Par Jean Baptiste Giraud

Alors que de nouveaux traités de libre échange viennent d'être votés, l'agriculture peut-elle compter sur l'Europe ?

agriculture
A la veille de l'ouverture du Salon de l'agriculture, à Paris, des agriculteurs en colère ont manifesté dans la capitale française, le 23 février 2024 (Ludovic Marin - AFP)

Dans les rues de Paris, la Coordination Rurale vient de mener des actions coup de poing en plein salon de l’agriculture. De leur côté, qu’attendent les coopératives de l’Europe pour répondre à la crise agricole ?

L'agriculture comme monnaie d'échange

Faut-il d’ailleurs en attendre quelque chose, alors que deux traités de libre échange viennent d’être votés avec le Kenya et le Chili au niveau européen ? L’Union Européenne peut-elle changer de l’intérieur ? "On ne peut pas couper l’Europe de tout échange avec les autres pays et autres continents, tempère Mickael Marcerou, vice-président de La Coopération Agricole.

Pour celui qui vient df'être élu à la vice-présidence de la COGECA, organisation européenne représentant les coopératives agricoles et forestières des 27 États-membres, "ce qui importe vraiment, c’est de ne plus avoir l’agriculture comme monnaie d’échange. Il faut arriver à ramener une vraie logique dans l’agriculture : l’alimentation et la souveraineté alimentaire. Il faut impérativement que les produits venus de ces pays-là respectent les normes que nous avons en production."

 

Demain, besoin de plus d'Europe

La concurrence est tout sauf évidente, avec des coûts de production entièrement différents. "Nous, au niveau de l’Europe, nous voulons une agriculture qui soit durable, rappelle Mickael Marcerou, vice-président de La Coopération Agricole. On doit arriver à mesurer l’impact de produits venus d’autres pays. Nous avons des surcoûts de production qui ne permettent pas d’être en concurrence, sinon."
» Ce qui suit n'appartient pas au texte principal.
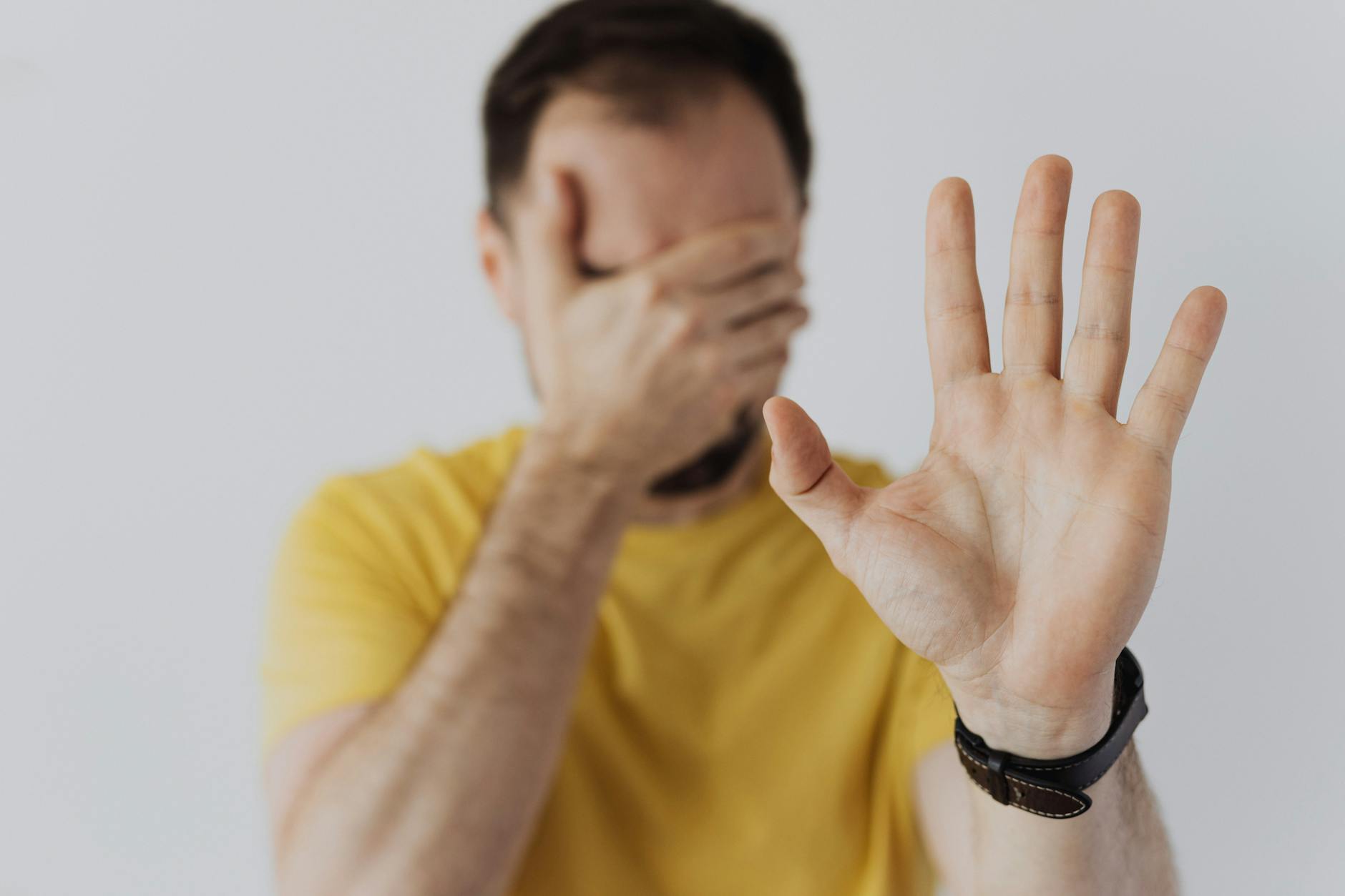 Close-up of a man covering his face and showing a stop gesture with his hand.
"Demain, nous aurons besoin de plus d’Europe. Plus de solutions passeront par là. Pendant des années, l’agriculture en a bénéficié. Mais elle doit être au coeur des réflexions, que les agriculteurs soient écoutés au niveau européen. Évitons la surenchère des transpositions au niveau des états membres, pour harmoniser tout le monde et ne plus avoir de concurrence au sein des pays de l’Union Européenne."